> **Assignment**
Since the records include pictures, leave those out while you reproduce exactly and only the lines from the one containing "2024 iPad Pro" through the one containing "5 pairs of Fun", inclusive.
(Material for this exercise)
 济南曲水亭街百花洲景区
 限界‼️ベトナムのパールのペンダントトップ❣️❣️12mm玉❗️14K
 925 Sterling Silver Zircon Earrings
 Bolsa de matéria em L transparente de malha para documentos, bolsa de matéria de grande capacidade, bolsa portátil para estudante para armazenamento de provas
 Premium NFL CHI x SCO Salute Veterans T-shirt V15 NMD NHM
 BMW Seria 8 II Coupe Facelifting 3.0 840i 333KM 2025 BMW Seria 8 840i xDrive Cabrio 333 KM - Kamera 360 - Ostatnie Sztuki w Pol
(End Material for this exercise)
(Material for this exercise)
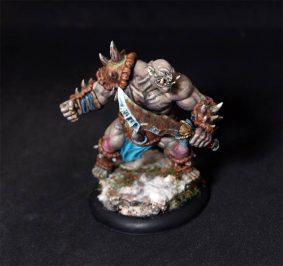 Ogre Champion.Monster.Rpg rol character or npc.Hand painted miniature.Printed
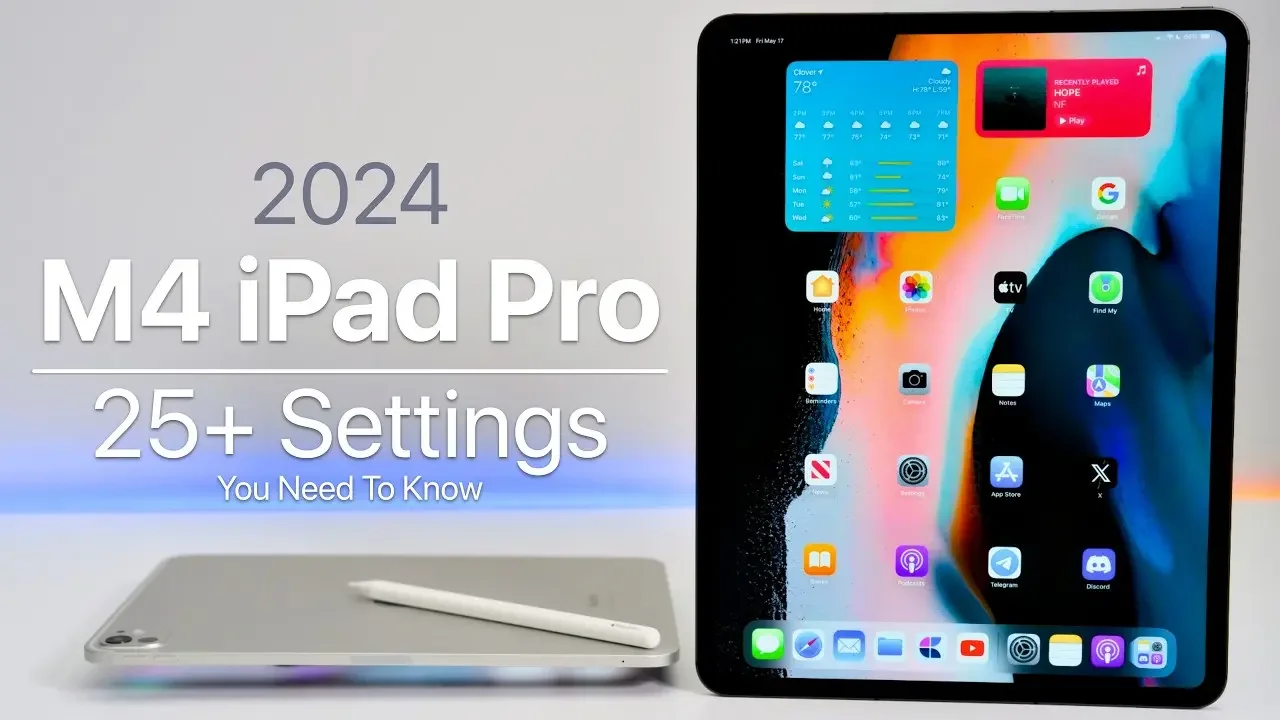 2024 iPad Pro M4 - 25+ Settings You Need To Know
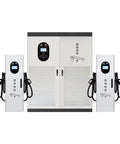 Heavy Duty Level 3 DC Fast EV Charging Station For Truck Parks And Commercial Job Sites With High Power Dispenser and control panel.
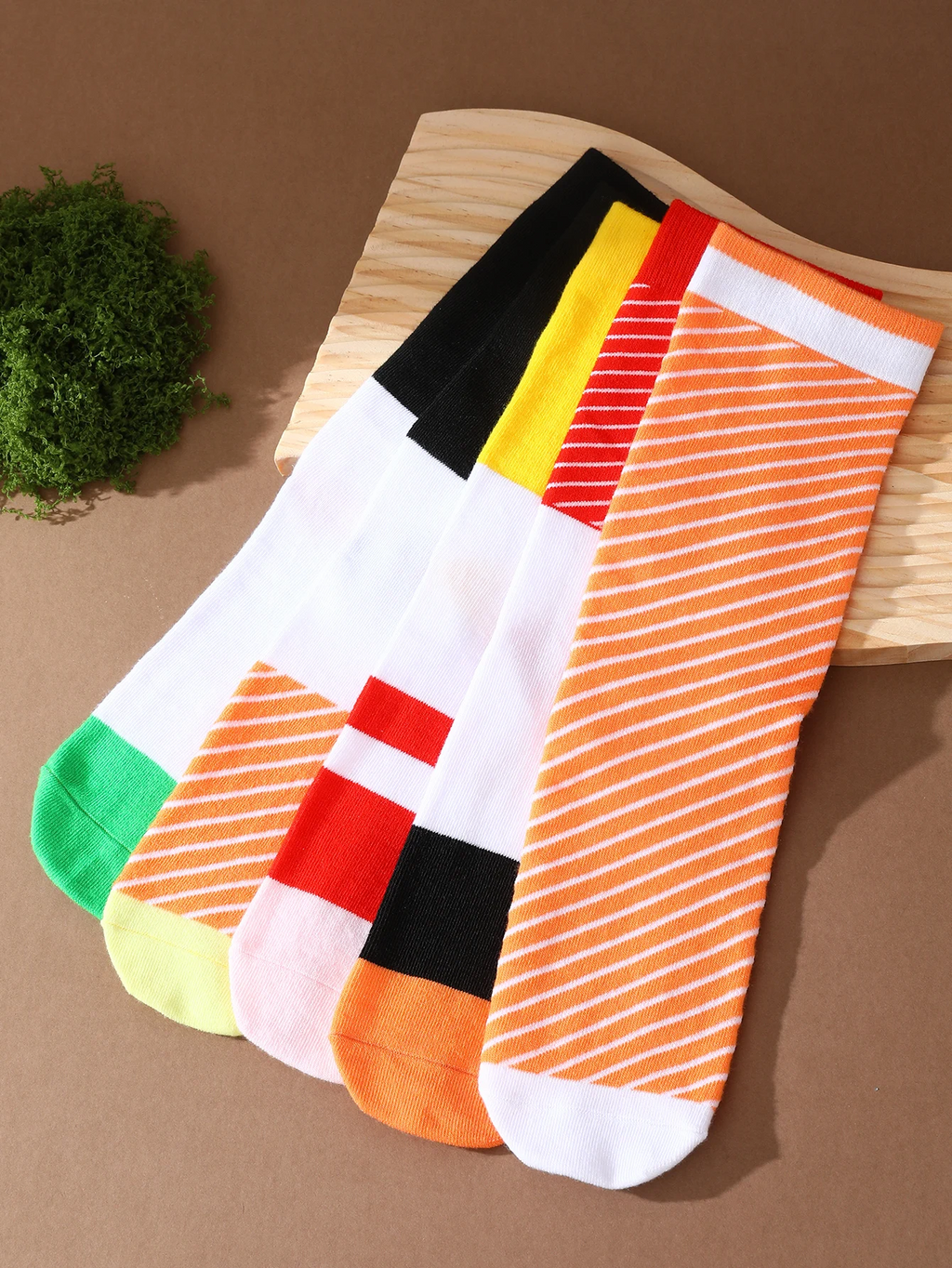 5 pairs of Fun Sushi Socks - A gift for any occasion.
(End Material for this exercise)
(Material for this exercise)
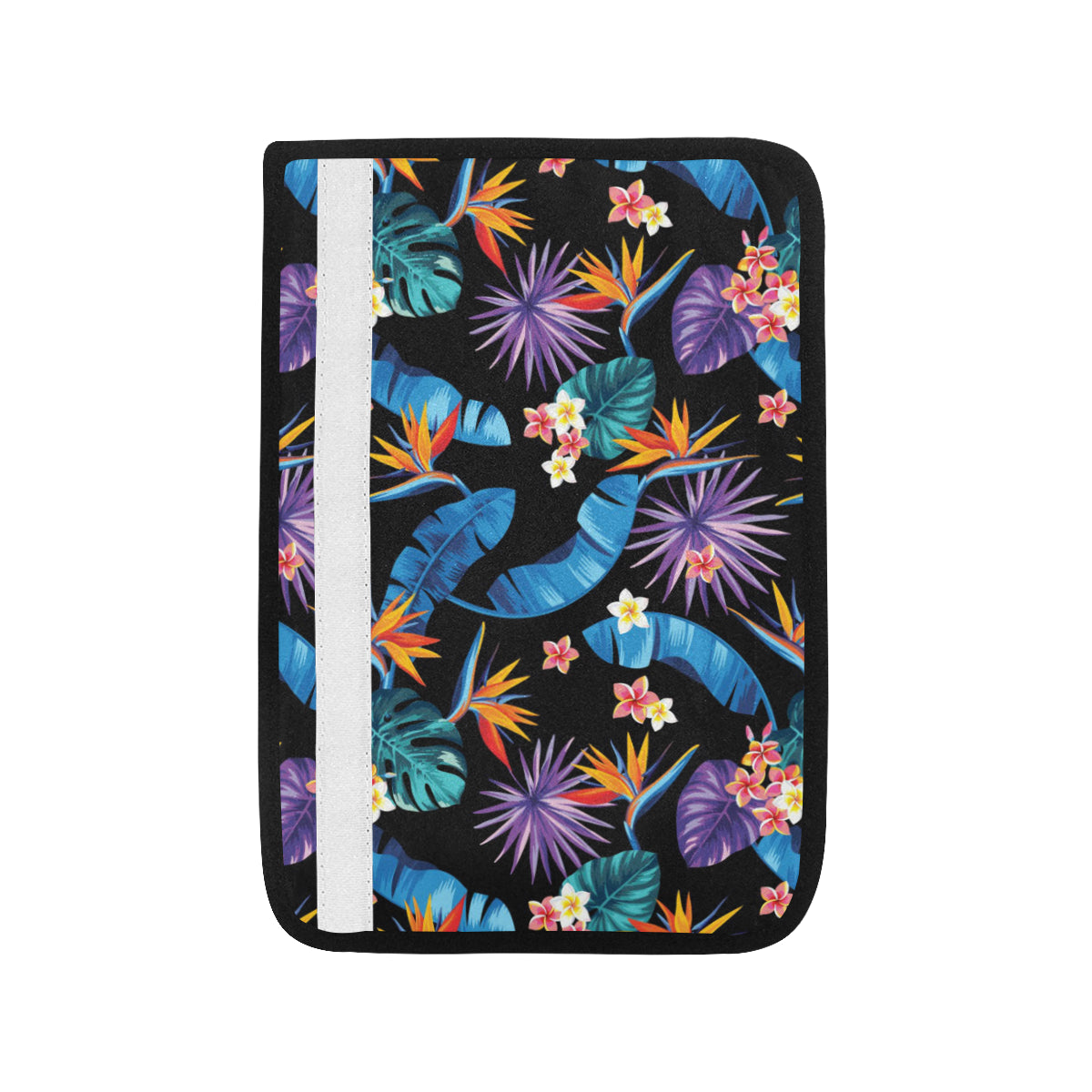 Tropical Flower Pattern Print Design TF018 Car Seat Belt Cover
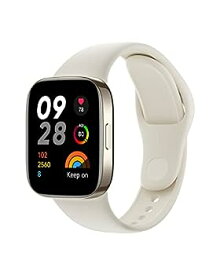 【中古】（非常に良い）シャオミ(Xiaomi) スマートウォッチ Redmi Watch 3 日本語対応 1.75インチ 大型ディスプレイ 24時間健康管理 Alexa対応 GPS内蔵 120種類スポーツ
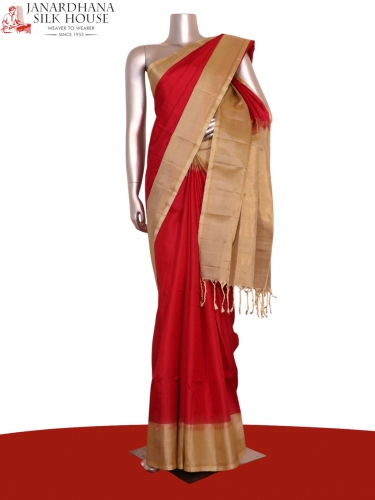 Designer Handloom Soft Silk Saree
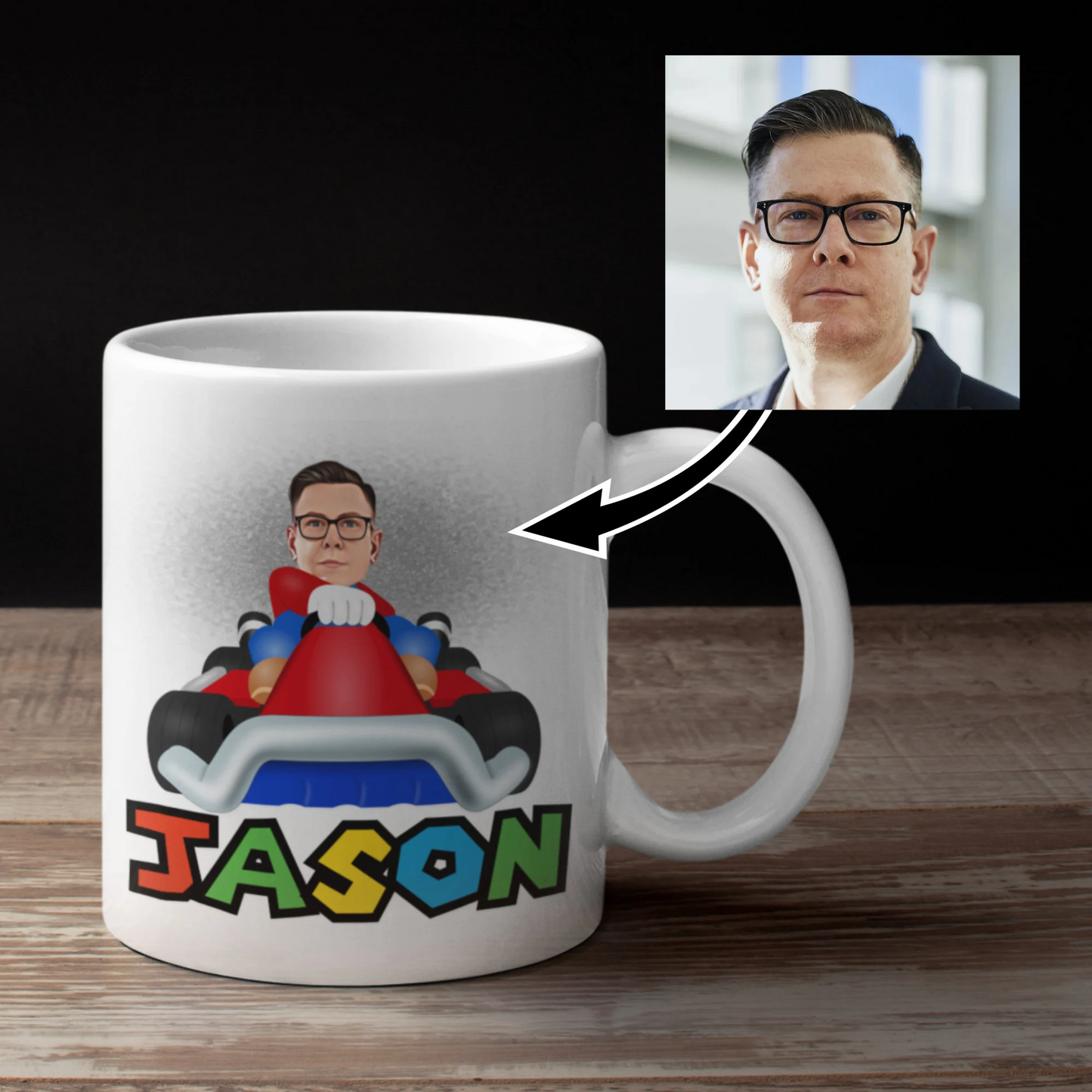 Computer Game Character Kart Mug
(End Material for this exercise)
> **Completed exercise**
 2024 iPad Pro M4 - 25+ Settings You Need To Know
 Heavy Duty Level 3 DC Fast EV Charging Station For Truck Parks And Commercial Job Sites With High Power Dispenser and control panel.
 5 pairs of Fun Sushi Socks - A gift for any occasion.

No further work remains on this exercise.